L'Enfance d'Ivan par Northevil
Dès son premier long-métrage, Tarkovski nous livre un film grandiose, très particulier et plein de talent. Il nous offre un mélange des genres extraordinaires, à la fois un film de guerre, sur l'enfance, l'enfance perdue, l'enfance retrouvée, mais aussi un film sur l'amour, la jalousie, un film surréaliste, de contemplation...
Tout d'abord un film de guerre, parce que nous sommes en pleine seconde guerre mondiale, mais cette fois-ci (et c'est si rare), nous le voyons du côté des russes. C'est un très beau film de guerre avec des plans de bombardements et les scènes presque finales qui sont superbes.

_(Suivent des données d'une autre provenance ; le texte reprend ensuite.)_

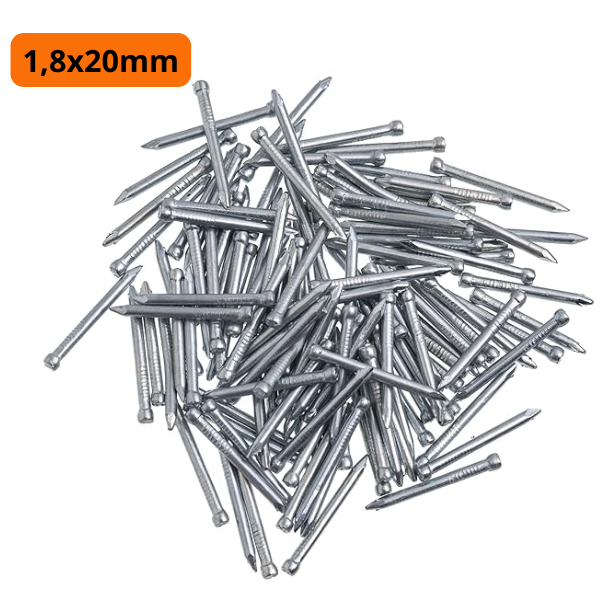 15310223598-prego-de-aco-galvanizado-sem-cabeca12x09-1-8x20mm-com-100-pecas-sfor-jundiai.png Prego De Aço Galvanizado Sem Cabeça 12x09 (1,8X20mm) Com 100 Peças - Sfor - Imagem 2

Ensuite un film sur l'enfance, l'enfance perdue et l'enfance retrouvée, perdue car dès le début nous voyons Ivan perdre sa mère et on se retrouve tout de suite seuls avec lui, en plein bourbier (au sens littéral) à la recherche du camp russe. Tout au long du film, les scènes d'Ivan sont un mélange de tristesse et de colère, de mélancolie et de hargne, mais aussi de tendresse (la scène des pommes dans le camion par exemple). Nous vivons son parcours de vengeance contre ces allemands qui lui ont fait perdre son enfance, et c'est tellement beau et déchirant à la fois. Et enfance retrouvée car (que ce soit en rêve ou dans des souvenirs), nous avons droit à des moments de pure innocence enfantine avec les pommes ou sur la plages, et c'est beau.
C'est aussi un film sur l'amour (Macha et ses prétendants, qui donne une touche de charme dans ce film, mais aussi de malaise il faut l'avouer, le malaise de Macha face à ce supérieur un peu trop insistant) et la jalousie (quand ce fameux supérieur se sent menacé par cet ami "à lunettes"). Mais aussi l'amour d'une mère pour son fils, l'amour perdu certes, mais toujours un peu présent dans le coeur de cet enfant, on voit aussi l'amour naissant des enfants, à travers les différentes scènes d'Ivan avec la jeune fille, dans ses rêves ou ses souvenirs. On peut aussi penser, aussi triste que ce soit, à l'amour de la vengeance, qu'Ivan cultive jusqu'au bout.
Nous avons aussi un film un peu surréaliste, en particulier avec la séquence dans le bunker où Ivan revoit tous ces gens qui demandent la vengeance (jeu de lumière et de son très surréalistes qui désorientent le spectateur), puis la scène des pommes dans le camion (jeu de négatif, le noir et blanc interversé et le travelling sur les enfants avec le paysage en fond). Ce côté surréaliste est visible tout le long du film, nous transportant d'un endroit à un autre sans jamais vraiment comprendre où l'on est, Tarkovski arrive parfaitement à nous perdre, je me suis même demandé au moment où Ivan se prépare à sa mission si ça ne serait pas avant le début du film lorsqu'on le recueillait.
Film de contemplation enfin pour tous ces paysages sublimés par la caméra de Tarkovski, cette forêt, cette plage qui s'étendent à l'infini, ces marécages qui s'étendent à perte de vue, tout cela aussi renforce le sentiment de se perdre dans ce film et cette histoire. Ainsi que les répétitions qui poursuivent le film (la cigarette que l'on voit plusieurs fois en gros plan, la croix de la même manière, tous ces arbres dans la forêt aussi bien que dans les marécages). Et n'oublions pas ce sublime noir et blanc parfaitement maîtrisé, vraiment magnifique.
Et pour finir, je voudrais parler des plans séquences, ce procédé dont je faisait l'éloge avec Barberousse, je peux aussi bien en faire l'éloge ici. Qu'est-ce qu'ils sont bien maîtrisés, comme dans cette séquence de flirt dans la forêt (encore elle) que l'on voit passer en travelling magnifiquement, posée de la plus belle des manières.
J'ai donc adoré ce film, preuve dès son premier long que Tarkovski avait déjà tout compris, et j'attends avec impatience de voir ses autres films qui vont, je suis sur, m'enchanter.